« L'orgueil précède la ruine, et l'arrogance précède la chute », Proverbes 16:18
Il y a seulement quelques jours, tout était tellement clair et évident : « L’Ukraine est en train de gagner la guerre et la Russie est sur les rotules ! » De nombreux responsables occidentaux ont célébré les frappes de drones ukrainiens dans la profondeur du territoire russe comme un tournant décisif de la guerre. C’était le cas de la sénatrice étatsunienne Jeanne Shaheen, qui affirmait triomphalement, le 7 juillet : « La dynamique a changé et l’Ukraine est en bonne posture » ; ou notre ministre des Affaires étrangères, le sempiternel halluciné Jean-Noël Barrot pontifiant sur France Info : : « il a déjà perdu ! » en parlant de Vladimir Poutine, évidemment.
Aujourd’hui, malgré les articles des médias dominants qui annoncent régulièrement l’effondrement imminent de la Russie, la réalité est nettement moins favorable pour Kiev et ses soutiens occidentaux. Certes, Moscou subit des dommages, notamment en Crimée et sur ses approvisionnements pétroliers. Cependant, ces perturbations restent sans commune mesure avec ce qu’endure l’Ukraine. Il faut tenir compte de la disproportion des frappes, largement à l’avantage de Moscou, et de l’écart de taille entre les deux pays. Tandis que la Russie répare rapidement ses dégâts, l’Ukraine voit ses infrastructures vitales systématiquement détruites : réseaux énergétiques, capacités de production et d’approvisionnement en matériel et en munitions, ainsi que ses systèmes routier et ferroviaire.

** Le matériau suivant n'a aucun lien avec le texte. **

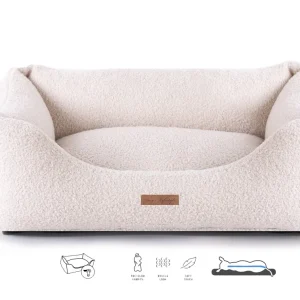 Orthopedische hondenmand Boucle Ivory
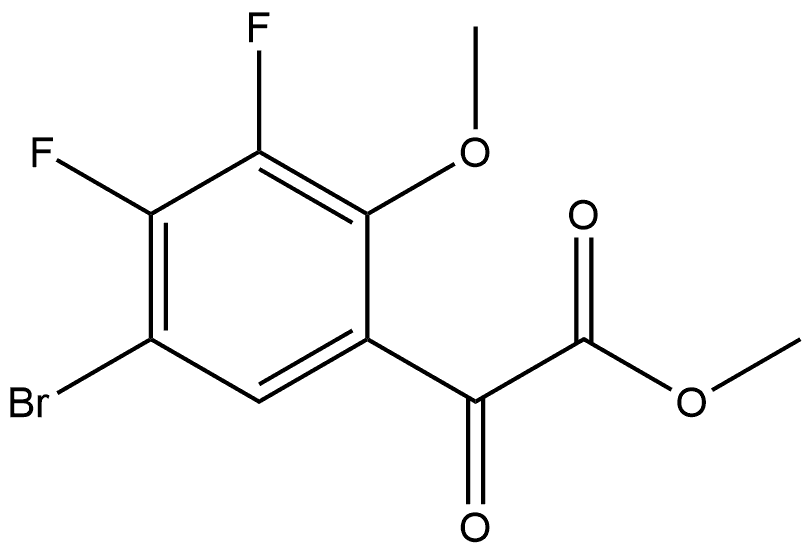 Methyl 5-bromo-3,4-difluoro-2-methoxy-α-oxobenzeneacetate Structure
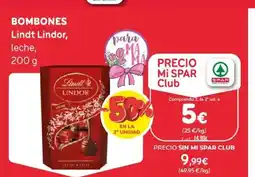SPAR LINDT LINDOR Bombones oferta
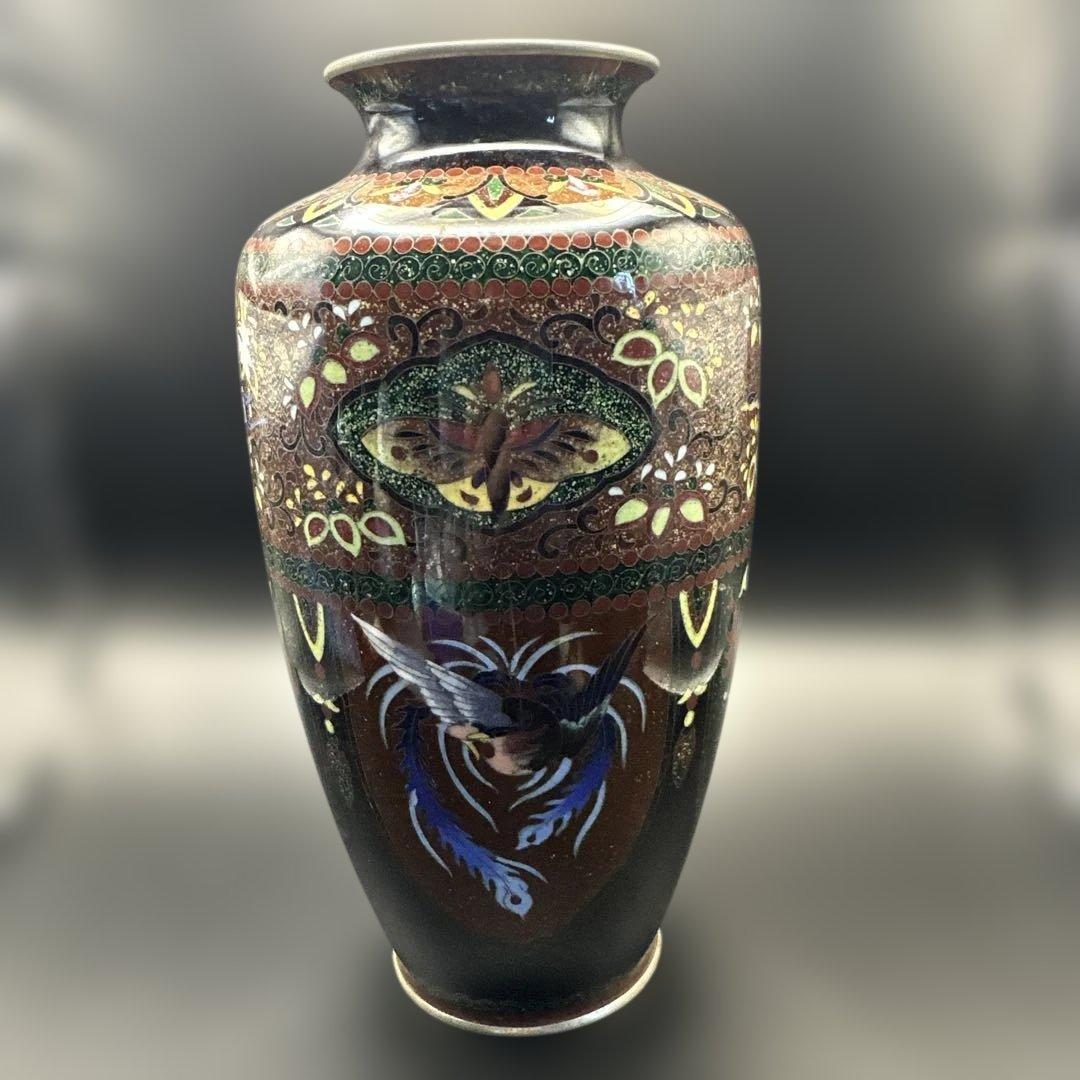 七宝焼，掐丝珐琅，花瓶，花器，置物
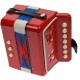 Acordeon de jucarie, portabil, rosu - 103A Acordeon de jucarie, portabil, rosu - 103A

En plus de cela, sur le plan militaire, Moscou gagne du terrain sur la quasi-totalité du front, tandis que Kiev ne peut revendiquer que des avancées locales et éphémères. Le rapport de force démographique et industriel penche également très largement en faveur de la Russie. Celle-ci produit bien plus de munitions et d’équipement que son adversaire, malgré l’aide occidentale massive. L’Ukraine, quant à elle, laisse sur le front, chaque mois, des milliers de soldats qu’elle peine à remplacer, alors que la Russie, en dépit des pertes réelles (mais moins importantes), conserve sa capacité de recruter des contractuels en nombre suffisant et de former de nouvelles unités.
Sur le plan politique, l’Ukraine a une fâcheuse tendance à se tirer des balles dans le pied. Le limogeage récent du ministre de la Défense Mykhailo Fedorov a provoqué de vives contestations qui ont obligé le président-de-facto Volodymyr Zelensky à démettre également le commandant en chef Oleksandr Syrsky, un vieux briscard qui parvenait tant bien que mal à ralentir l’avancée russe. Il a été remplacé par Mykhailo Drapaty, un officier plus jeune, mais moins expérimenté pour occuper un poste de cette importance.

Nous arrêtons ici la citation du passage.